How many of you are using Linux to run REW, and what sound IO hardware are you using?

So far, I've come up with the ART Dual USB Pre as the most likely candidate for an external USB interface compatible with Linux.


----------



## wbz (Feb 27, 2011)

M-Audio Mobile Pre USB newer version
I'm still exploring but it works fine with Ubuntu 10.04. The only hitch so far is the outputs are balanced so i had to make an adapter to just take one side of the output to feed tones & pinknoise to the amp.


----------



## ProfKnaakenbroed (Sep 3, 2012)

Hi friends,

being a musician I use AVLinux and MixBus as DAW (harrisonconsoles).
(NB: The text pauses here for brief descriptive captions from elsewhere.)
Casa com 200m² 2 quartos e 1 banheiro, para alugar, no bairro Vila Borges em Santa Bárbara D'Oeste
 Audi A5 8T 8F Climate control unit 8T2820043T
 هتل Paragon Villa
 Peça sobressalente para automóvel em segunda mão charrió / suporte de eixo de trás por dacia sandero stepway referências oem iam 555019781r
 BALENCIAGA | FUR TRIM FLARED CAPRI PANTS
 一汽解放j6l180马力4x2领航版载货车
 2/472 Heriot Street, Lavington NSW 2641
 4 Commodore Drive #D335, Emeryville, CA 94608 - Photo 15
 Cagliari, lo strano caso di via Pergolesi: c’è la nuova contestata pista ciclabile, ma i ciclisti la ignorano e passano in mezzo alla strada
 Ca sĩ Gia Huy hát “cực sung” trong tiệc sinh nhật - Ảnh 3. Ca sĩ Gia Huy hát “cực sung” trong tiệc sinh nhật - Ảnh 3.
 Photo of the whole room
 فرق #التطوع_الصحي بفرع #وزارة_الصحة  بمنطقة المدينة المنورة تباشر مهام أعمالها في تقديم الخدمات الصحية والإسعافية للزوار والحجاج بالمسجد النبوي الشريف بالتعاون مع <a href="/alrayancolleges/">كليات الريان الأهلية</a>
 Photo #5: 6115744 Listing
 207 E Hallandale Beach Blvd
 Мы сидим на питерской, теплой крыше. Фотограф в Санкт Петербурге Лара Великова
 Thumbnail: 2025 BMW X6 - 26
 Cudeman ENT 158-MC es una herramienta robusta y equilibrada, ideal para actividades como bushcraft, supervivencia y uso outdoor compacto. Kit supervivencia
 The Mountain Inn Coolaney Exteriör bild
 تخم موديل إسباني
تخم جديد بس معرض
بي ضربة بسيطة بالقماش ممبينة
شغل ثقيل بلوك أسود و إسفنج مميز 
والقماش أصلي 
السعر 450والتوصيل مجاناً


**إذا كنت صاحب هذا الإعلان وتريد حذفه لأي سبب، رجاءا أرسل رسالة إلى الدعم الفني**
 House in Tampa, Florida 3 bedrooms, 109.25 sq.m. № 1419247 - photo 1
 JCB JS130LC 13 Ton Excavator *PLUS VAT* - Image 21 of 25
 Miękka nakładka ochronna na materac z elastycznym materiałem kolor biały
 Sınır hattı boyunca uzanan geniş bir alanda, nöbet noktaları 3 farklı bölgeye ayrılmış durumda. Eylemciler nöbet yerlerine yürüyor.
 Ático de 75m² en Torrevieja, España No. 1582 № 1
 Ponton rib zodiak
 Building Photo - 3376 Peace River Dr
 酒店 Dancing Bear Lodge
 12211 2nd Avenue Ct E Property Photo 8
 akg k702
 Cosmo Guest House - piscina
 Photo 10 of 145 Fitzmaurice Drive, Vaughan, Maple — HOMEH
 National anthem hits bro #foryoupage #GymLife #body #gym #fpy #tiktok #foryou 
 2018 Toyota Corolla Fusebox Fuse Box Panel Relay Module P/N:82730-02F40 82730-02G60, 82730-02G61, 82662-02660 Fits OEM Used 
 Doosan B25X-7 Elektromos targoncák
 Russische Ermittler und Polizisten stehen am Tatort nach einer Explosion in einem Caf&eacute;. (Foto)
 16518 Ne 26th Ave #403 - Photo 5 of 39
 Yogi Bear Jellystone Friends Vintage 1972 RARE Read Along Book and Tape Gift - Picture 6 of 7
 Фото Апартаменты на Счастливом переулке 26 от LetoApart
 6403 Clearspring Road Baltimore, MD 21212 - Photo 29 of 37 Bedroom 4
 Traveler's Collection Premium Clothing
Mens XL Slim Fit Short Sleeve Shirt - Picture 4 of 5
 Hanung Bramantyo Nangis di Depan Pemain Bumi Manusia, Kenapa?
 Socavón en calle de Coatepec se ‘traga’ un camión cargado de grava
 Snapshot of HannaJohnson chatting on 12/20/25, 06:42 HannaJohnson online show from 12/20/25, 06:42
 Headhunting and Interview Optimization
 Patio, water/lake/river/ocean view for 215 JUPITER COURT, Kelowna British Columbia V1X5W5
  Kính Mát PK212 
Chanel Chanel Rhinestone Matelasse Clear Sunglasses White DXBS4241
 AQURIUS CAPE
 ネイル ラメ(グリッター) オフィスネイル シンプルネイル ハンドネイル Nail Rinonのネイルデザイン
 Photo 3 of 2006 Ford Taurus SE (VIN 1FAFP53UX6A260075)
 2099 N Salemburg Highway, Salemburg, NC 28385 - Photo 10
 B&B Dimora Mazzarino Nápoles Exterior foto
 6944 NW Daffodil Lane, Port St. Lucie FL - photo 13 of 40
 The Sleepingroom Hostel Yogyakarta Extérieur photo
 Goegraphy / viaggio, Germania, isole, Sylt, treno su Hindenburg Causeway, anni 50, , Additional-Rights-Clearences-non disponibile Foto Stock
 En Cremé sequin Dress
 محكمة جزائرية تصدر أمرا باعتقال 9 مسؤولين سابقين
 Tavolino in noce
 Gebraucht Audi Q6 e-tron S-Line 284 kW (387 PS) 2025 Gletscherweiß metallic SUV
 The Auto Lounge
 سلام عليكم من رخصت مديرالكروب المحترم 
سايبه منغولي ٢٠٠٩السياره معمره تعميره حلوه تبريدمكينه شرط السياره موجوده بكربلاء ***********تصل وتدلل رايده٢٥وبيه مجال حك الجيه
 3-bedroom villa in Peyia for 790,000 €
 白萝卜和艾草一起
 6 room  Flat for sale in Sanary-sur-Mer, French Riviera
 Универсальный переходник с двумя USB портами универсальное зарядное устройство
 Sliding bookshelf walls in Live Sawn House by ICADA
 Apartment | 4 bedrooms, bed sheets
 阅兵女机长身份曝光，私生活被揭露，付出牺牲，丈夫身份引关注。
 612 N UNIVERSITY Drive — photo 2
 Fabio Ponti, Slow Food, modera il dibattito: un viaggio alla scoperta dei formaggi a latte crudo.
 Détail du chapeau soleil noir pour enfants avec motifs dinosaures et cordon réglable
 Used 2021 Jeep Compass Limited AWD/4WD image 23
Unfortunatly I didn't manage to get REW working until now. :-( I'm working in optimizing my recording location and the control roomfor mixing and mastering. For that REW would just be perfect.

I use a ECM 8000 and a Trotec BS15 as an SPL meter, my soundcard is an M-Audio 2496.

As Soon as get REW working in my environment, I'll report here to help other Linuxers.

Great software :T carry on, guys ! Hope I'll get it running here.

Yours Prof Knaakenbroed


----------



## scix (Mar 5, 2011)

I'm using an Asus Essence STX. Seems to work okay with a calibrated ECM8000 and a no-name SPL meter.


----------



## reibian (Jan 14, 2013)

A newbie here.
I'm trying to REW w/o any external card on a laptop running Ubuntu 11.10, which does create a little headache; no line inputs nor outputs, just the onboard mic in and headphone out. 
I'm in the middle of deciding which mic to get UMIK-1 or UMM-6. This way I'd avoid introducing the freq.response of the pre amp/dac in the mix, assuming the calibration files on these mics are made with their outputs going straight to the measuring PC via USB. 

Sony Vaio VGN-FB53B <Intel® Core™2 CPU T5500 1.66GHz>
SigmaTel STAC9872AK <Audio chip>

Although I could be all wrong in my assumptions...


----------